# Problem requirements
Every line of the listing that contains the word "Sneakers" is to be copied out.

━━━━━━

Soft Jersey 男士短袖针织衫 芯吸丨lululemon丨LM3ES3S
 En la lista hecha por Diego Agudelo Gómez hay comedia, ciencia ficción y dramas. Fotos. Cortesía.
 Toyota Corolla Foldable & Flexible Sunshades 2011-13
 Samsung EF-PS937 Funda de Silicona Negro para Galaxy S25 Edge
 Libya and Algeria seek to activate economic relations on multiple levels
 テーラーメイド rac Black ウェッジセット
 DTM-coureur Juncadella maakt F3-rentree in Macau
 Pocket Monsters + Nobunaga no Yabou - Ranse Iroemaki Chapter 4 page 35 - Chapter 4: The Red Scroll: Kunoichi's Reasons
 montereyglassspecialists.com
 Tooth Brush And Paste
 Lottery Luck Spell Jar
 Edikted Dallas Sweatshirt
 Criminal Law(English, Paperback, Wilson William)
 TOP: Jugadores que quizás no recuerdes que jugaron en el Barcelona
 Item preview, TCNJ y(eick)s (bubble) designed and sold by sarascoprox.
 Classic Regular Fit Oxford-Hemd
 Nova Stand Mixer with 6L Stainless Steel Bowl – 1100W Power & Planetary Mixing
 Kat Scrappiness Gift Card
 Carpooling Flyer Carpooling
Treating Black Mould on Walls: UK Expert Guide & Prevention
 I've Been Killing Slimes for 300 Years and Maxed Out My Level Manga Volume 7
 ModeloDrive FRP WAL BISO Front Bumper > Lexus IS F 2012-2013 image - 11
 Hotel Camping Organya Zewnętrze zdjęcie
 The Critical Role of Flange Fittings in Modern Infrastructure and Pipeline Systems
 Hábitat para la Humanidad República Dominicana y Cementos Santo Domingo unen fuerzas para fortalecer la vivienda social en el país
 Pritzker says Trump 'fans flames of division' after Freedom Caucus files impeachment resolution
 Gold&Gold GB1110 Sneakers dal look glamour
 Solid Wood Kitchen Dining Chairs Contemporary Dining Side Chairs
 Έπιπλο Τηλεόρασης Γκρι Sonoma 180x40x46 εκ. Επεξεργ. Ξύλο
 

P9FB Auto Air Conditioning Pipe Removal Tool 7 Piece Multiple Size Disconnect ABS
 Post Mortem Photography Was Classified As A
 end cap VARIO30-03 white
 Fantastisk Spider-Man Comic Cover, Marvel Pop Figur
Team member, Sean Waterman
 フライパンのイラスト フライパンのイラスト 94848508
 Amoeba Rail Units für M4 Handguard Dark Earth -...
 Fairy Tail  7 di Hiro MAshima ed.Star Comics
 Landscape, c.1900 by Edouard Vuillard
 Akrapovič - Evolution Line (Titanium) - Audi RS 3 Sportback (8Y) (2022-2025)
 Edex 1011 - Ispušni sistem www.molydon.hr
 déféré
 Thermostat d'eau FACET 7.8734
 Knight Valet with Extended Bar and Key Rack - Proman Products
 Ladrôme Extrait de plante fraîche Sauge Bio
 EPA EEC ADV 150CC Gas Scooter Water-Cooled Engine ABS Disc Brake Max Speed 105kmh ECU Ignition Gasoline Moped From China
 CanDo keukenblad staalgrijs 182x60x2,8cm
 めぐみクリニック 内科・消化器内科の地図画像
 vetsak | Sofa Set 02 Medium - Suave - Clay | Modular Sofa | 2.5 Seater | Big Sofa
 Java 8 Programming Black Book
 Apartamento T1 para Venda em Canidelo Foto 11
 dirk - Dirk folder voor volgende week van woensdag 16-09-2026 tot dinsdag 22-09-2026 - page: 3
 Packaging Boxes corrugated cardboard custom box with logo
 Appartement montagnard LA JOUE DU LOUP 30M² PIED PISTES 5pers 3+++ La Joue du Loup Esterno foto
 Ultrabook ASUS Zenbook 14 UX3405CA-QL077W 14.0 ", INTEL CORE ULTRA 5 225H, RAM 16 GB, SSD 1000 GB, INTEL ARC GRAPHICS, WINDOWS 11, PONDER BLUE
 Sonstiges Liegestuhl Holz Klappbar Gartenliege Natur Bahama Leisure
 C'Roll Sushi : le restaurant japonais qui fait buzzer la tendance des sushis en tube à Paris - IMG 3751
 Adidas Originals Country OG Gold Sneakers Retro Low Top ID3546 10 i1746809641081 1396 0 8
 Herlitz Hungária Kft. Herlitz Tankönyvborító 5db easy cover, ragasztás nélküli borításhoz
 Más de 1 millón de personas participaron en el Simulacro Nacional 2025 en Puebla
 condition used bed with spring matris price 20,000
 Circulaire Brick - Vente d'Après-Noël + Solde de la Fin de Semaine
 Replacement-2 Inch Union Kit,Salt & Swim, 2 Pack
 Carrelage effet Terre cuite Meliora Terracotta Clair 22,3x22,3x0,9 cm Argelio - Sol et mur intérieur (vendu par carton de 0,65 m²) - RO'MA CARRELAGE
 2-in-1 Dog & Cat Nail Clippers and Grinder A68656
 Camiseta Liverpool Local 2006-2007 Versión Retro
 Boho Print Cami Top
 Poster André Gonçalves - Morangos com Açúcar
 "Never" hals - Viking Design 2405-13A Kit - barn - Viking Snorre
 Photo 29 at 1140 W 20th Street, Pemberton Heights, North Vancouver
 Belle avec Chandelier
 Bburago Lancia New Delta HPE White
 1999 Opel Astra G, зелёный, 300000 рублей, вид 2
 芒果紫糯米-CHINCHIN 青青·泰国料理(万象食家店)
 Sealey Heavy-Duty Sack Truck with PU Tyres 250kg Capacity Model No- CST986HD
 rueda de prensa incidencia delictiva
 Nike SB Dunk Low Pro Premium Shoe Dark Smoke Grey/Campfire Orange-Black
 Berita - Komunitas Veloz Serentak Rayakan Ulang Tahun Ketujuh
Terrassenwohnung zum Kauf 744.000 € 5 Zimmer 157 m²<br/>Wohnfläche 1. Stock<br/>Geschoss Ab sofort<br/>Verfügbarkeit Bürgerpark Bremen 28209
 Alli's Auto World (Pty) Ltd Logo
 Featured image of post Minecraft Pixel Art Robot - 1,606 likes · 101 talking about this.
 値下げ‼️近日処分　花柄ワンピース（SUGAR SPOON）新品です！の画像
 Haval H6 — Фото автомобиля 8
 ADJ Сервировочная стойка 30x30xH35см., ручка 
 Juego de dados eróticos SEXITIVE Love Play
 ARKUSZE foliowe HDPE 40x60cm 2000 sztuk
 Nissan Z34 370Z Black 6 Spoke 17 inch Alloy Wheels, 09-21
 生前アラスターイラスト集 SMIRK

━━━━━━

# Finished exercise
 Gold&Gold GB1110 Sneakers dal look glamour
 Adidas Originals Country OG Gold Sneakers Retro Low Top ID3546 10 i1746809641081 1396 0 8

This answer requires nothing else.